Saturday, October 26, 2013

Roctober, M2045: "...and when I get to one you push that button!"

It's been several months since I've flown so... feeling blog-rusty.  I attended Roctober at Lucerne Dry Lake on 10/12/13 and let's jump right into my first CTI 7388M2045 Blue Streak flight (as always full-screen 720p titillates best):

Yay, onboard video and perfect weather!  I'm very pleased with the ignition, flight, and data overall but what was with that five second latency after apogee?  I've flown this recovery combination several times now and have never observed such a delay with my trusty ARTS2 and Raven3 250G altimeters. The acceleration numbers from the ARTS2 below look way low so, again, I probably need to retire that thing.   That excessive latency could have been bad news but, luckily, the DarkStar remains a rugged tank and sustained zero damage.  I'll need to check my Raven3 settings again before the CTI 9977M2245 Imax flight at Plaster Blaster next weekend.
    This was, by far, the best Beeline GPS data I've yet seen.  Without any manual adjustment it plotted just like this in Google Earth (the apogee peak is actually 16,463' with the GPS data averaged in):

The other data were quite robust as well and here are the peaks:
  • Altitude avg: 16,463'
    • ARTS2 = 16,359'
    • Raven3 = 16,194'
    • Beeline GPS = 16,836'
  • Velocity avg: 1,178MPH (Mach 1.51)
    • ARTS2 = 1717MPH
    • Raven2 = 1186MPH
  • Acceleration (Raven3): 41 G
    • I'm dropping the ARTS2 here as it reported only 25 G and that's way too low based on my visual assessment of the flight.
There will be a test afterward... ARTS2graph, tabular, CD, motor performance (7583M2597) and Raven3: graph, tabular and Beeline GPSNorth, West, top
Recovery above.  Doesn't really look like 1.3 miles to the flight line does it?

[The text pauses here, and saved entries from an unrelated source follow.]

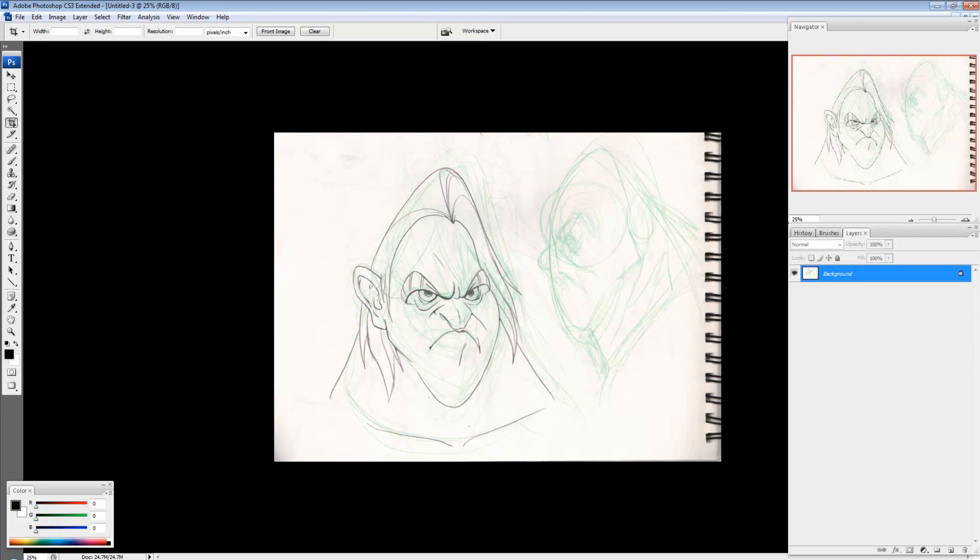Hi, Zachary Asin here and in today's lesson I thought I'd show you how I go about preparing line art to be colored.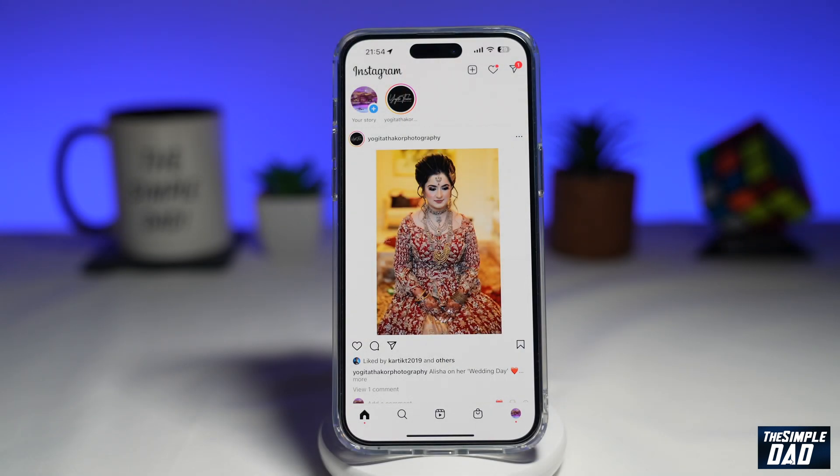Hit that like button if you find this video useful. Account status is really important on Instagram if you're a content creator, as this will show you if you have followed the community guidelines.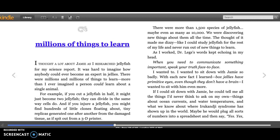Things about ocean currents and water temperatures, and what we know about where Irukandji syndrome has shown up in the world. Maybe he would plug all sorts of numbers into a spreadsheet and then say, 'Yes, yes.'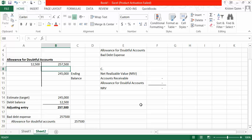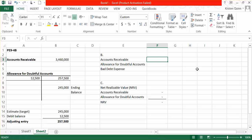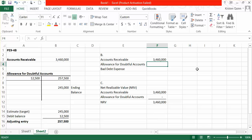In Part B, they want us to put together our ending balances in accounts receivable, allowance for doubtful accounts, and bad debt expense. You will notice in our adjusting entry that accounts receivable is not affected at all — we debit bad debt expense and credit allowance for doubtful accounts. Therefore, our balance in accounts receivable has remained unchanged at $3,460,000. Our adjusting entry did change the balance in allowance for doubtful accounts, giving us that desired ending balance of $245,000.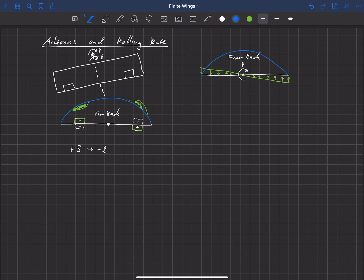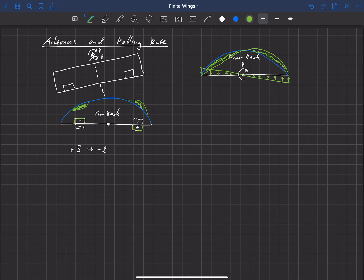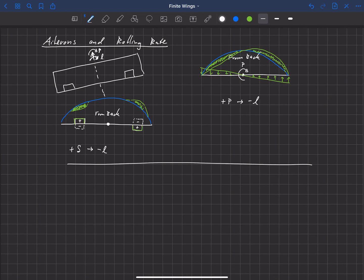If we look at the lift distribution — let's say that's the undisturbed distribution when not rolling — and now we begin to roll the aircraft to the right, we get an increase in angle of attack and therefore lift on the right-hand side, and a decrease in angle of attack and lift on the left-hand side. This linear change in angle of attack creates a change in lift across the wing. The result is that a positive rolling rate p also produces a negative rolling moment — a rolling moment in the opposite direction of the rolling rate.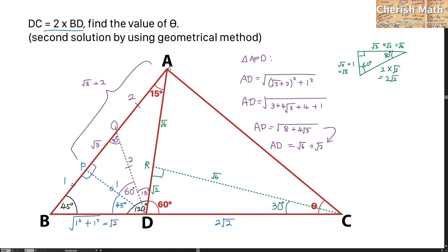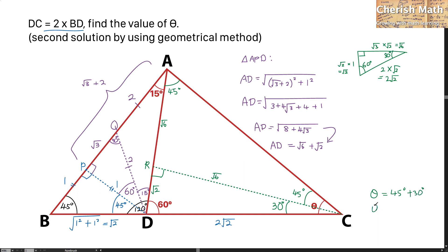For the final part, in triangle ARC, I can confirm it is an isosceles triangle because AR equals the square root of 6 and RC also equals the square root of 6. This means this angle is 45 degrees and this angle is also 45 degrees. For theta, it is the sum of 45 degrees and 30 degrees, giving a final answer of theta equals 75 degrees.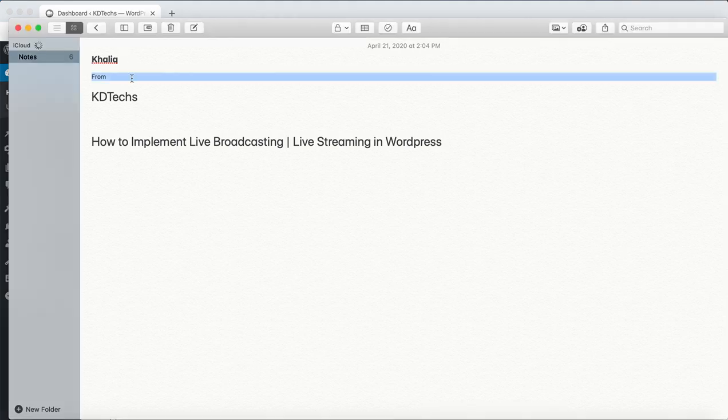My name is Khalik from KD Techs. In this video I'm going to teach you how to implement live broadcasting or live streaming in WordPress.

                 (Thanks for the fun photo, ©Lisa Linden!)
Now let's talk ignition...  The GREAT thing is that 8g of stoichiometrically balanced CuO/Mg thermite really did the trick as shown in the video.  Had I used a nozzle cap the motor might have pressured up even more quickly but I don't want to risk overpressure.  I suspect that the reason people occasionally blow motors up with thermite is because they're using nozzle caps.  I'm using thermite because it showers 4500˚F sparks down the core and I'm not nearly as interested in the pressure generated by the combustion so I think I'll continue to leave the cap off.
     The BUMMER is that very few people, myself included, actually saw the pressure-up and liftoff from the ground view and here's why...  Lucerne's standing FAA waiver is 7,500' so my simulated 17,000' needed to be phoned in to extend the waiver temporarily.  In the mean time a little girl had become separated from her guardian(s) and the LCO was trying to entertain her until they were reunited.  There were many people on the range recovering rockets as the LCO tried to keep the little girl happy with: "I tell you what... I'm going to have her launch this rocket [my rocket] so when I count down from 5 to 1 I want you to push this button..."  Now, if you were a young child, how would you have interpreted that instruction?  You guessed it: you'd have pushed the button right when it was pointed out and that's exactly what she did.  I had been running back to my canopy to shoot liftoff photos when I heard "...push that button."  and then a thunderous roar of the M2045 leaping off the ground.  Still running I turned my head to see the motor just burning out and starting its coast.  I'd like to have seen the entire flight but, if I could have chosen any 5 second portion, it would have been pressure-up and liftoff because of the thermite experiment.  It's funny because the RocStock club is so hyper-focused on safety yet, through a series of unfortunate events, an M was launched with no countdown and the range full of folks recovering rockets.  I'm miffed that I missed my $350 flight but, more importantly, isn't it the LCO's responsibility to minimize the probability of such mistakes?  I can empathize with the situation but... shouldn't the arm switch have been off and the LCO's hand over the button just in case?  Moving onward...
     I also flew my cool little 2.5" Madcow Nike Smoke on an 338I180 Skidmark:

And Lisa and I never would have located the goods had she not brought her world-class, trail-blazing, rocket-hunting dogs. :)  For the record Agent, on the left, found it first:

Cheers to an amazing Plaster Blaster next weekend and you should come join us!